The user information obtaining unit 3012 obtains the user information and the historical access data of the regional user.
The regional dividing unit 3013 divides the user information and the historical access data of the regional user according to regions to form regional user data groups.
The feature obtained training unit 3014 performs feature obtained training on each regional user data group respectively according to the structure of the media data classification tree.
The regional feature vector generating unit 3015 obtains a regional feature vector corresponding to each region from the feature obtained training result generated.
By performing feature obtained training via the structure of the media data classification tree, overfitting can be well prevented, thus the influence of noise feature data on the effective data may be avoided effectively.
Moreover, in some implementation, the feature obtained training unit 3014 further classifies the media data in the regional user data group according to the media data classification tree (that is, first of all, assigns the media data to each classification of the media data classification tree corresponding to the feature thereof; this step may prevent overfitting well by preliminarily pre-classifying the media data); mines and obtains a classification feature of the lowest subclassification from the media data of the each lowest subclassification via a cluster algorithm (because the media data classification tree only includes a preliminary classification structure, the specific features therein need to be mined via a cluster algorithm); and obtains a feature obtained training result by combining the media data classification tree with the classification feature of each lowest subclassification thereof.
Wherein, according to the results of classifying and clustering, the weight of the corresponding feature may also be obtained. The process of feature obtained training will be introduced below via an example:
1) It is hypothesized that “Beijing City” contains 1 million people and these people only watch two types of media data, among these 1 million people, 800 thousand people often watch sports-type media data and 500 thousand people often watch finance and economics-type media data (wherein, 300 thousand people watch both); by data analysis, the features of the object “Beijing” may be divided into two major classifications (sports, finance and economics), and it may be obtained that: feature_sports=1+0.8, and feature_finance and economics=1+0.5;
2) It is hypothesized that among the 800 thousand people that often watch “sports” classification, 600 thousand people often watch football and 400 thousand people often watch basketball, then feature_football=1+0.75 and feature_basketball=1+0.5, thus a weight may be obtained according to the classification in the classification tree;
3) It is hypothesized that, as shown in FIG. 6, 400 thousand people watch Beijing Guoan, 200 thousand people watch Beijing Beikong, and 400 thousand people watch Beijing Shougang, then for the first-level classification of sports, there exist three second-level classifications under Beijing Sports according to the existing classification system; it should be noted that, the classification system is designed in advance, and the features (for example, Beijing Guoan and Beijing Beikong, etc.) under the classification system are obtained via data mining; it may be obtained that:
feature_Beijing Guoan=(1+0.75)*(1+0.67)=2.92,
feature_Beijing Beikong=(1+0.75)*(1+0.33)=2.32,
feature_Beijing Shougang=(1+0.5)*(1+1)=3;
4) Thus, the feature vector of object “Beijing City” trained are as follows: in sports channel, feature_Beijing Shougang=3, feature_Beijing Guoan=2.92, and feature_Beijing Beikong=2.32.

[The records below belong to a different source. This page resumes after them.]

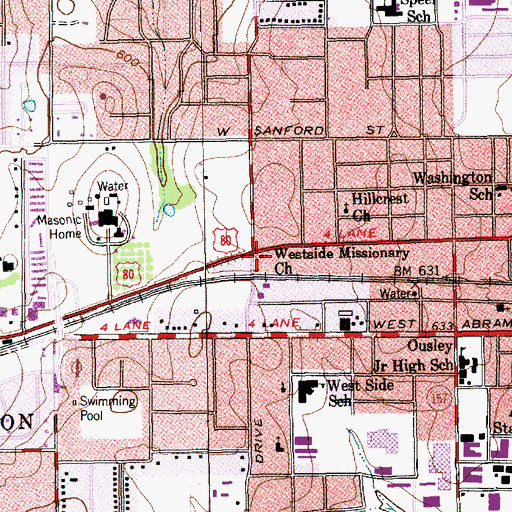 Topographic Map of Westside Missionary Church, TX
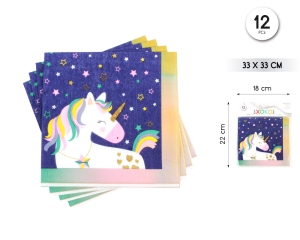 SERVILLETA UNICORN RAINBOW 12PCS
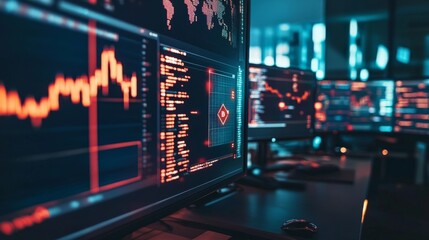 Data Analysis Screens in a Dark Room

Generally, the weight of the first-level classification only acts on a new user, and the subclassification thereunder only acts on a specific channel. For example, an initial page will not act on an older user, but when the older user clicks and enters channel “sports”, the subclassification weight under sports starts to act. It is hypothesized that the old user often watches sport media data and many contents are related to football, then the recommendation system will drop many alternative media data in an inverted index for the user, and process scoring is performed after some other scoring processes. For example, various media data are selected for alternative use, and after scoring on object “Beijing”, media data related to feature_Beijing Shougang and feature_Beijing Guoan, etc., and the alternative data will be weighted inevitably.
For the above example, it should be noted that:
1) Here, feature_Beijing Guoan and feature_Beijing Shougang are both watched by 400 thousand people, but they have different weight values, this is because a weight value is set via percentage of people number to highlight the intensity of group interest better; and
2) By determining the feature vector of a regional object in a ready-made mode of classification tree+data mining, overfitting may be prevented well, thus the influence of noise feature data on the effective data may be avoided effectively.

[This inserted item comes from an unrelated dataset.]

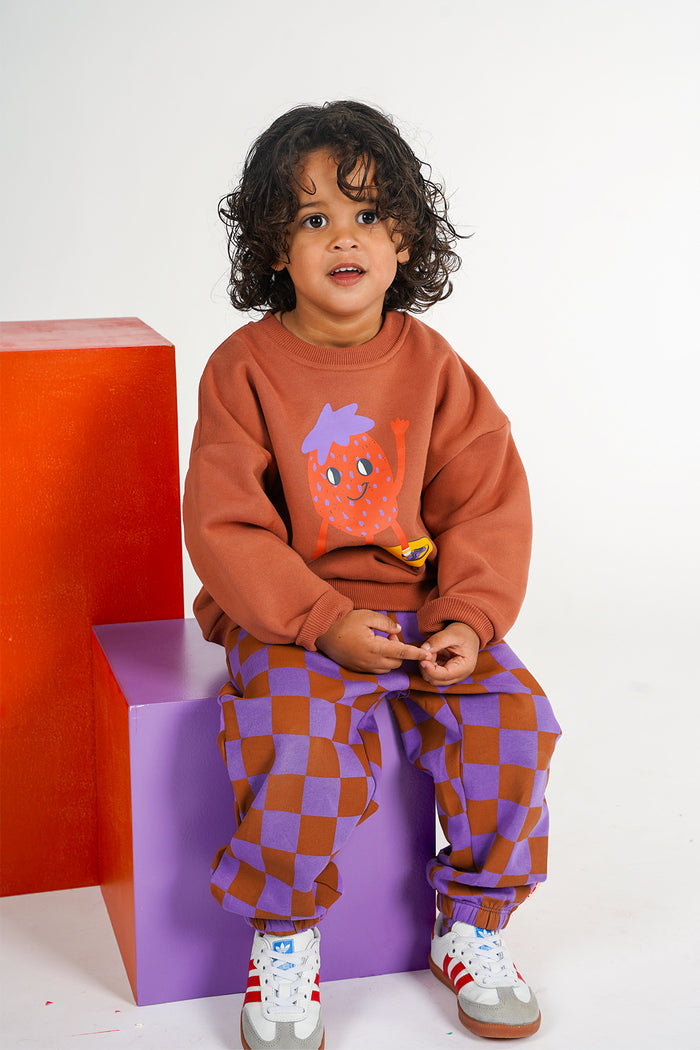 A young child with curly dark hair sits on a purple block, wearing a rust-orange sweatshirt with a strawberry graphic and purple-and-brown checkered pants.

Alternatively, in some implementation, the regional information scoring module 307 further obtains a feature vector of each media data; calculates a cosine similarity between the feature vector of each media data and the regional feature vector respectively, and represents the regional information score of each media data through the cosine similarity obtained.
Wherein, cosine similarity is also called cosine similitude, the similarity between two vectors is evaluated by calculating the cosine value of the included angle therebetween; this cosine value may be used for representing the similitude between the two vectors; the less the included angle is, the more the cosine value will approach 1, and the more anastomotic their directions will be, and hence the larger the cosine similarity will be.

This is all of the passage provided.